Historically, fire safety precautions became designed into the built environment through the use of building codes with prescriptive rules whereby a particular class of building (e.g. an apartment block above a certain height) had to incorporate specified fire safety measures. Implementing such rules does not require a building designer to understand what they are doing or how it affects safety. The alternate to a rule-following approach is to focus on performance outcomes and ensure that fire safety design is carried out and/or regulated by competent practitioners with adequate understanding of the relevant processes. Such an approach to regulation relies not on rules requiring specific fire safety precautions, or on the banning of certain materials, but on judgements as to whether performance outcomes have been achieved, and in the event of a fire, whether conditions would remain tenable long enough for occupants to escape.

Since the mid-1980s, English fire safety regulation has been an uneasy hybrid of these two approaches with performance outcomes expressed as subjective functional requirements, but with most designers relying on prescriptive rules set out in Approved Documents that provide guidance for ‘more common types of building’. Grenfell exposed weaknesses in this regulatory system across a wide range of issues, and addressing these failings poses a complex challenge for policy-makers.

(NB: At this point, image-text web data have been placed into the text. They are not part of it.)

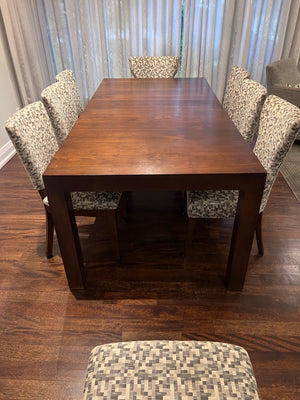 Parson Dining Table in Walnut + 8 Chairs from Cabinet Furniture (*retail $5,500+)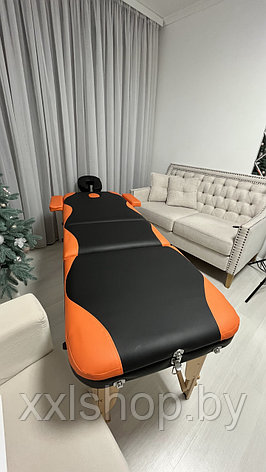 Массажный стол Atlas Sport 60 см складной 3-с деревянный + сумка в подарок (чёрно-оранжевый), фото 2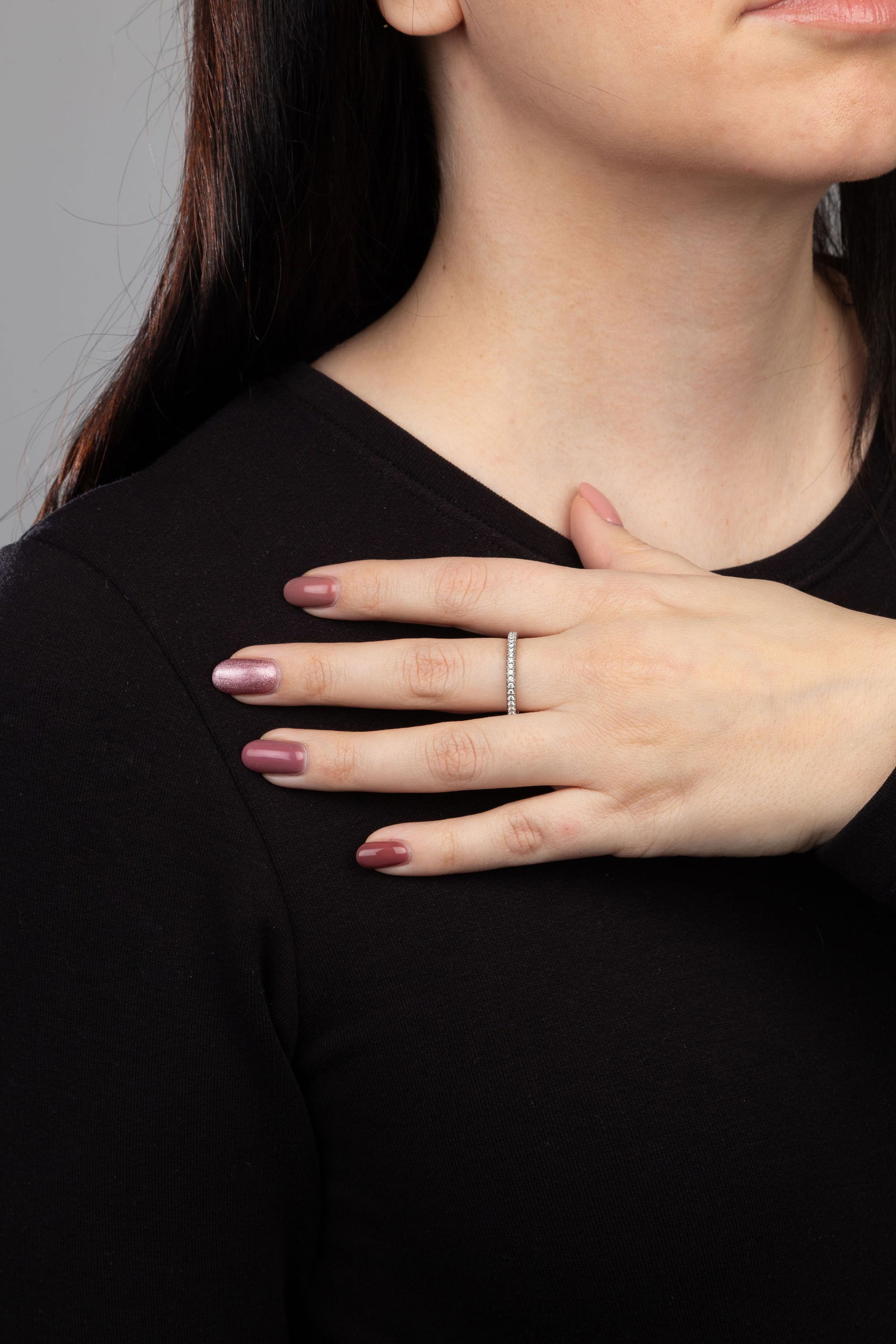 Bucherer, anneau rivière or gris 750 serti de diamants taille brillant, signé, doigt 58-18 - 3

What to do about fire safety regulation following Grenfell thus constitutes an ill-structured problem for government because it is ‘a problem whose structure lacks definition in some respect’ (Simon 1973: 181). The difficulty of defining desirable fire safety outcomes is compounded by the challenge of choosing appropriate regulatory mechanisms aimed at producing those outcomes.

After describing some key issues with the role of experts, we set out a typology of fire safety expertise in order to demonstrate how diverse practitioners can claim to offer useful expert advice. We then describe the role of government-sponsored experts following Grenfell, and the contrasting approach taken by the Royal Institute of British Architects (RIBA) with its strong advocacy for prescriptive solutions. Our argument is that analysis of these cases shows how the idea of banning combustible materials proved successful because it made a complex, ill-structured problem appear straightforward.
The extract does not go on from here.